Chapter 5. Speaking with Your Application

In the previous chapter, we learned how to discover and understand the intent of a user, based on utterances. In this chapter, we will learn how to add audio capabilities to our applications, convert text to speech and speech to text, and learn how to identify the person speaking. Throughout this chapter, we will learn how you can utilize spoken audio to verify a person. Finally, we will briefly touch on how to customize speech recognition to make it unique for your application's usage.

By the end of this chapter, we will have covered the following topics:

  • Converting spoken audio to text and text to spoken audio
  • Recognizing intent from spoken audio by utilizing LUIS
  • Verifying that the speaker is who they claim to be
  • Identifying the speaker
  • Tailoring the Speaker Recognition API to recognize custom speaking styles and environments

Converting text to audio and vice versa

In Chapter 1, Getting Started with Microsoft Cognitive Services, we utilized a part of the Bing Speech API. We gave the example application the ability to say sentences to us. We will use the code that we created in that example now, but we will dive a bit deeper into the details.

We will also go through the other feature of Bing Speech API, that is, converting spoken audio to text. The idea is that we can speak to the smart-house application, which will recognize what we are saying.

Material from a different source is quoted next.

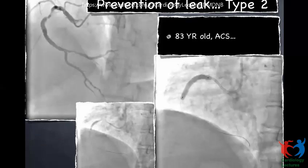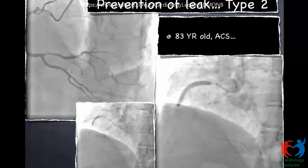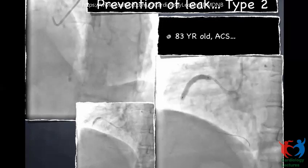Coming back to Type 2 — how to prevent the leak. This was an 83-year-old gentleman with an acute coronary syndrome and a calcified right coronary artery. Our plan was to open up the proximal and distal vessel. We started with a 6 French guide catheter via the radial approach, using a short Amplatz catheter which provides better support and helps avoid dissection. We dilated with a 3 mm balloon — the vessel opened up well — and used a 4 mm, 38 mm stent to deploy at the proximal segment.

Using the textual output, the application will use LUIS to gather the intent of our sentence. If LUIS needs more information, the application will politely ask us for more via audio.

To get started, we want to modify the build definition of the smart-house application. We need to specify whether we are running it on a 32-bit or 64-bit OS. To utilize speech-to-text conversion, we want to install the Bing Speech NuGet client package. Search for Microsoft.ProjectOxford.SpeechRecognition and install either the 32-bit version or the 64-bit version, depending on your system.

Further on, we need to add references to System.Runtime.Serialization and System.Web. These are needed so that we are able to make web requests and deserialize response data from the APIs.

Speaking to the application

Add a new file to the Model folder, called SpeechToText.cs. Beneath the automatically created SpeechToText class, we want to add an enum type variable called SttStatus. It should have two values, Success and Error.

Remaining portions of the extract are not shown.